▶ YOUR GOAL: Return the records in full, with every character preserved.

▶ RECORDED INFORMATION:
Start of Block
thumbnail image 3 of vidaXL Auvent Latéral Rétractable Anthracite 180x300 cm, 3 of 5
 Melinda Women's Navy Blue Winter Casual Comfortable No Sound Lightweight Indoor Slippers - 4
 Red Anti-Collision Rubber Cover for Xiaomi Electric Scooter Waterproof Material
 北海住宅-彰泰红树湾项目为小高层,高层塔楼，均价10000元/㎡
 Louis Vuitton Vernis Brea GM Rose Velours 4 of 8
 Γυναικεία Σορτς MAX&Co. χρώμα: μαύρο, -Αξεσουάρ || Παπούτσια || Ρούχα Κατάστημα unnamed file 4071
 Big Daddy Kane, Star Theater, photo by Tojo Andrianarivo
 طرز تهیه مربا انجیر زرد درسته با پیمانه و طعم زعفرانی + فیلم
End of Block
▶ WRITTEN ANSWER:
thumbnail image 3 of vidaXL Auvent Latéral Rétractable Anthracite 180x300 cm, 3 of 5
 Melinda Women's Navy Blue Winter Casual Comfortable No Sound Lightweight Indoor Slippers - 4
 Red Anti-Collision Rubber Cover for Xiaomi Electric Scooter Waterproof Material
 北海住宅-彰泰红树湾项目为小高层,高层塔楼，均价10000元/㎡
 Louis Vuitton Vernis Brea GM Rose Velours 4 of 8
 Γυναικεία Σορτς MAX&Co. χρώμα: μαύρο, -Αξεσουάρ || Παπούτσια || Ρούχα Κατάστημα unnamed file 4071
 Big Daddy Kane, Star Theater, photo by Tojo Andrianarivo
 طرز تهیه مربا انجیر زرد درسته با پیمانه و طعم زعفرانی + فیلم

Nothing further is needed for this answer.